Durante a semana passada, entre o primeiro dia de fevereiro até o dia 06, precisei – por motivos pessoais – me ausentar do trabalho. Avisei aos meus empregadores. Expliquei que, tão logo resolvesse meus problemas, estaria de volta para dar continuidade aos projetos. “Claro. Pode ir, não precisa se preocupar”, disseram eles. Trabalhando como correspondente para um periódico do litoral e como revisor para uma pequena editora, acreditei que realmente estaria amparado, que não perderia meu emprego.

A verdade é que o mercado editorial brasileiro não vai muito bem. A Folha de São Paulo voltou a demitir, muitos outros veículos de comunicação seguem o mesmo rumo. Não é que os editores sejam pessoas malévolas, é que não há recursos para bancar todo o corpo de profissionais de antes. Para piorar, a crise que atinge o Brasil está crescendo. A inflação vem tirando qualquer possibilidade de novos investimentos.
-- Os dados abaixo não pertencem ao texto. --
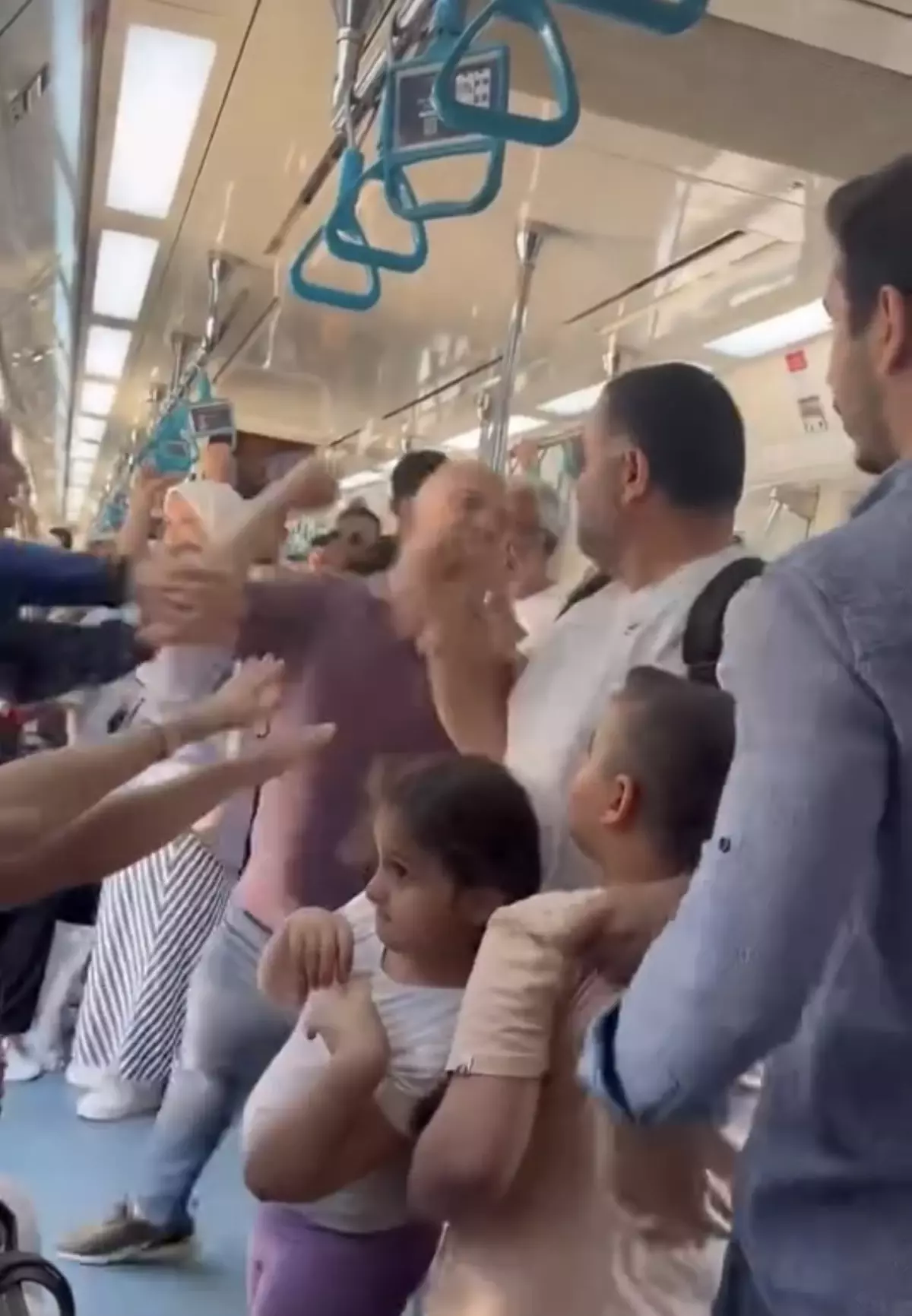 Marmaray'da iki küçük çocuğunun yanında darbedildi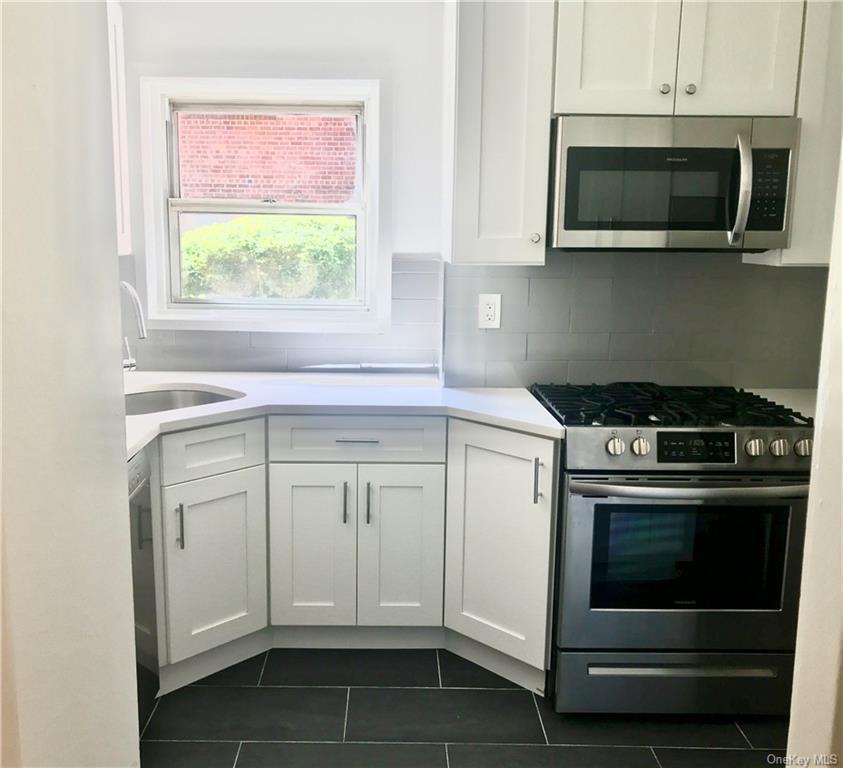 Foto principal - 320 S Broadway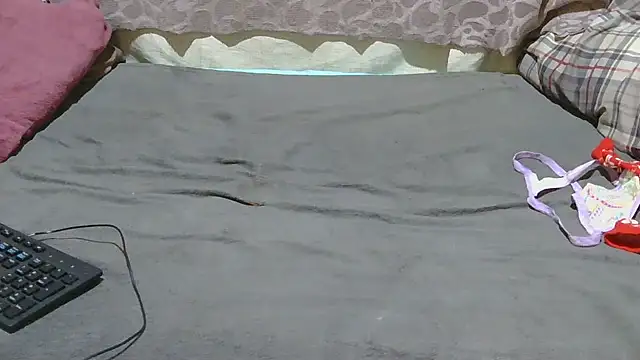 slim girl02 online show from March 31, 2026, 7:20 am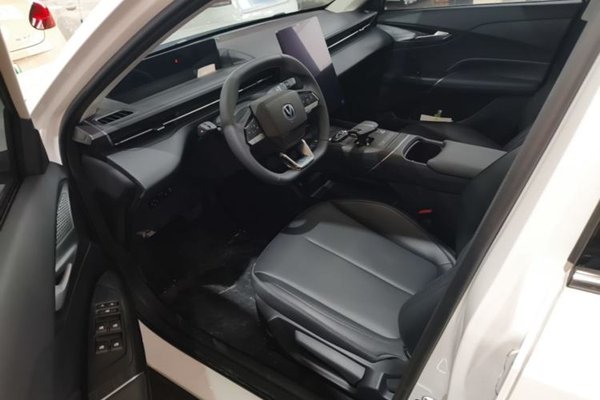 CHANGAN Eado 2025, 100 км, за 11718 USD - фото 19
Voltei aos meus afazeres no domingo – dia 08 – e descobri que havia sido demitido. Não de um, mas dos dois empregos. O choque foi grande. Como todo cidadão, tenho minhas contas para honrar. Mas, até aí tudo bem, são coisas que acontecem. A crise está feia, o mercado editorial não vai bem. O problema se deu quando, hoje pela manhã, recebi proposta oficial do jornal em que eu trabalhava. Eles querem que eu volte a escrever para o diário, mas não como repórter. Calma, eu explico: para reduzir custos, o jornal cortou a maioria dos repórteres. Agora eles compram as matérias das agências de notícias e pagam a um grupo de redatores para “cozinhar” todo o material. Aí, você me pergunta: pagando bem que mal tem? E eu respondo que o problema é exatamente o fato de não pagarem bem. A proposta é de oito reais por cada “cozinha” de 600 palavras. Que tal?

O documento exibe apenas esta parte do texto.